What better traitor is there than MacBeth?

Ageless Stranger
08-20-2008, 05:42 PM
Or you could get shakespearian.

What better traitor is there than MacBeth?

"To-morrow and to-morrow and to-morrow,
Creeps in this petty pace from day to day,
To the last syllable of recorded time;
And all our yesterdays have lighted fools
The way to dusty death. Out, out brief candle!
Life's but a walking shadow, a poor player,
That struts and frets his hour upon the stage,
And then is heard no more. It is a tale,
Told by an idiot, full of sound and fury,
Signifying nothing."

Genius.

Kathie Freeman
08-20-2008, 06:52 PM
How about mafia family members who turned informant? Here is a website with a list:
http://www.onewal.com/maf-info.html

Shamisen
08-20-2008, 11:55 PM
Tsao Tsao... Cao Cao...?

Oh God, I've just shown myself to be a nerd, haven't I? Ah well.

Sarpedon
08-21-2008, 12:57 AM
Yeah, it depends on the transliteration.

I've always prefered the Ts one, although I know the Pinyin is the more widely accepted one. My apologies.

Shamisen
08-21-2008, 12:36 PM
No need to apologise, I was just wondering if I was right in thinking that Cao Cao and Tsao Tsao were one and the same. Damn Dynasty Warriors.

SLThomas
08-28-2008, 04:16 PM
I don't know the name but there is a French-Canadian traitor that apparently guided the Brits up the cliff at Cap-Diamant in Quebec City on the evening before the Battle Of Plaines D'Abraham in 1760.

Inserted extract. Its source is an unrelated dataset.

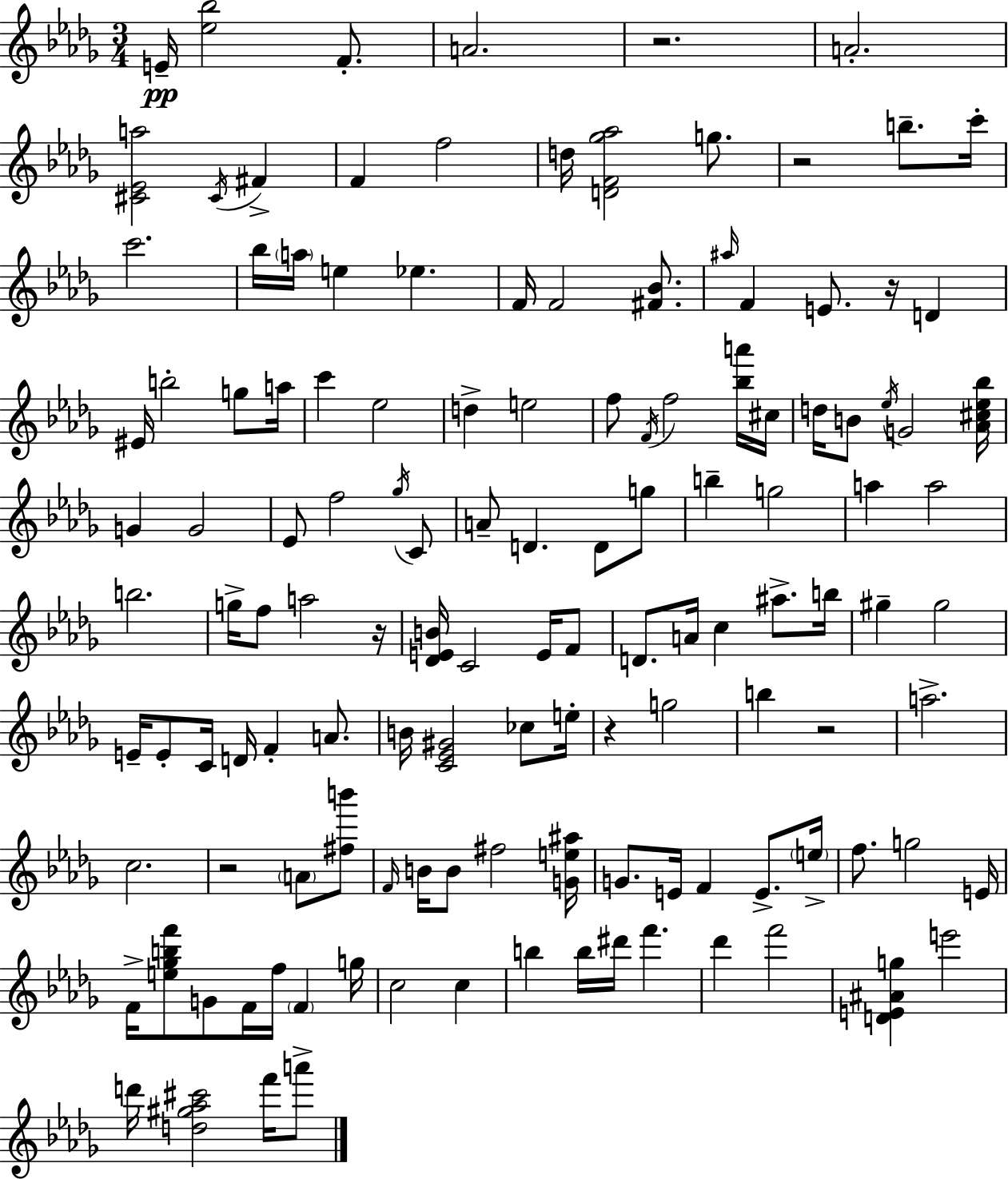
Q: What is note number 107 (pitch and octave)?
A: F6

Some historians say that it's a rumour started by the French ashamed of losing New-France (easier to blame a lowly traitor instead of admiting that the Brits beat you), others say that he existed and was too scared of going public. Rumors of him being hanged or of him being given money and a house in England (very unlikely for a French Catholic) abound.

It's a great historical mystery.

Lord Haw-Haw is also a good one, akin to Tokyo Rose.

Terry L. Sanders
09-02-2008, 02:44 AM
If you're looking for fictional traitors who were convinced they were doing the right thing, you might try a couple of Tom Clancy's novels:

THE HUNT FOR RED OCTOBER: Marko Ramius
(The book, NOT the movie--Sean Connery was great but his script didn't really resemble the book.
(And I suppose, technically, he was a defector rather than a "traitor" in the sense you mean...)

THE CARDINAL OF THE KREMLIN
(I don't remember the character's name--he was an extremely high-ranking general in the Soviet high command, and passed information to the Americans because he thought the Communist government was a threat to the Russian people. Clancy treated both him and the Russian security people trying to expose him with sympathy. He might be a good one for you.)

Another possibility would be Boromir from THE LORD OF THE RINGS, who betrayed the Fellowship by trying to steal the ring--because he honestly thought destroying such a weapon was insane, with Sauron at the gates.

If you're going for something more obscure, maybe Michaels (I think his name was) from FANTASTIC VOYAGE, who betrayed the crew of the Proteus to (as he saw it) stop a new arms race.

If you're looking for someone more ambivalent, one I haven't seen mentioned so far would be Edmund from THE LION, THE WITCH, AND THE WARDROBE. But I gather that isn't the direction you're going.